Treating Human Life as Meaningful is what Makes Threats Real. This is another principle, but yeah, make the world's NPCs feel like they matter, and that will make the world worth protecting. Treat them as people. Give everyone Drives, not just your Villains. Mentally treating even non-villain NPCs as having Conditions can do a lot to help with characterization.

Condense. Condense your world, your NPCs, make the world feel smaller. In our game, for example, having the Protege's mentor also be the same superhero who saved the Delinquent years ago was a great decision.

Playlists. I have a bunch of different playlists for the campaign, from a big one of music of the time (our game is set in 2004) to playlists for important NPCs, to playlists I asked my players to curate for their characters.
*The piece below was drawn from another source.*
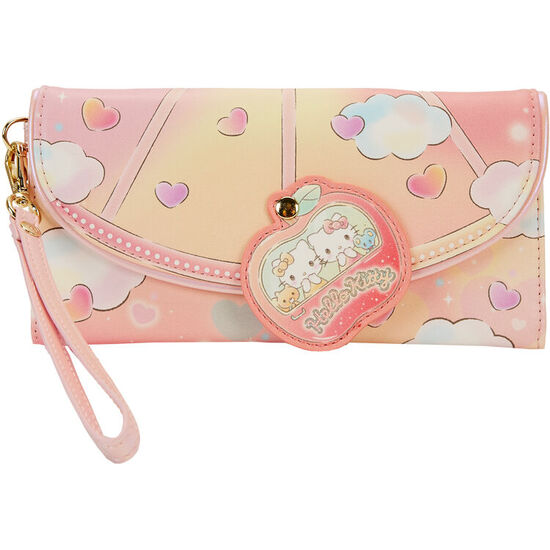 CARTERA CARNAVAL HELLO KITTY SANRIO LOUNGEFLY image 1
Music inspires me a bunch, a song can help create a villain for me, and I also like choosing a different "ending" song for every episode based on whatever happened.

Stories. Okay, here's the thing. I don't really care much for superhero stories. Why did I choose to run MASKS, you ask? Because of the emotion-based mechanics. That's my shit. But anyway, I don't take in much superhero media... But I do LOVE movies and television and stories in general, and I think taking in a lot of "short stories" is helpful to develop an instinct on how to pace a story, make a character or moment memorable, etc. And because MASKS has an episodic nature, this is extremely important! The sheer amount of movies I've watched has helped me a whole bunch, since they have to get the Beginning, Middle, and End done within such a short time frame.

Don't Wait. This is an instinct I've picked up from some of my favorite media. Don't wait for The big important moment. Make a lot of big important moments, and make the characters have to make a lot of important choices, and keep the momentum going. Paint yourself into a corner and then force yourself to think of ways out! It makes the story more interesting. (this may not apply to everyone, I get this kind of mindset from shows like Breaking Bad and Succession, which for your story could be too much haha)

Everyone Works. Okay, I am not a benevolent, sweet GM, I will not smile with tears in my eyes and quietly work away and accept that without complaint. no way. I make my players help me a lot. I'm gonna whine. Guys I'm doing so much work! Guys this is hard! Weeehhh! MAKE THEM HELP YOU. RUNNING A GAME IS SOOOOO MUCH WORK OH MY GOD IT'S SOOOOOO MUCH WORK!!! Ask them to take notes! Ask them to treat the world with sincerity! Ask them to make NPCs! Ask them to play NPCs! Ask them to help fill out the world! Ask them to tell you what their character wants to do next so you have extra time to consider it! Ask them to make playlists for their characters to help you figure out how to engage with them! Don't let them just show up on playday!! I'm a "you get what you give" kind of GM. You're a player too and you deserve to enjoy the game as well, and having the other players help you helps a BUNCH. PUT THEM TO WORK.

what else. uh. visuals help a lot with engagement so i subscribed to a bunch of modern battlemap patreons. i run using Foundry which lists the rules upon every roll which is great for me, someone with horrid memory. if you're lucky and favored by god, you'll have a benevolent player that will be the scribe for your sessions and log everything down so they can be referred back to (again, great for someone like me with a horrid memory). remember to give focus to the PC's out-of-costume lives as well. make NPCs in response to your PCs (superheroes, villains, touch on something of a PC in the creation process). be silly. be serious. be sincere.

i'm still figuring out how to run the game, maybe i'll have better advice on a later day, but i hope this can help some! sorry this is longwinded and more a stream of consciousness than it is succinct.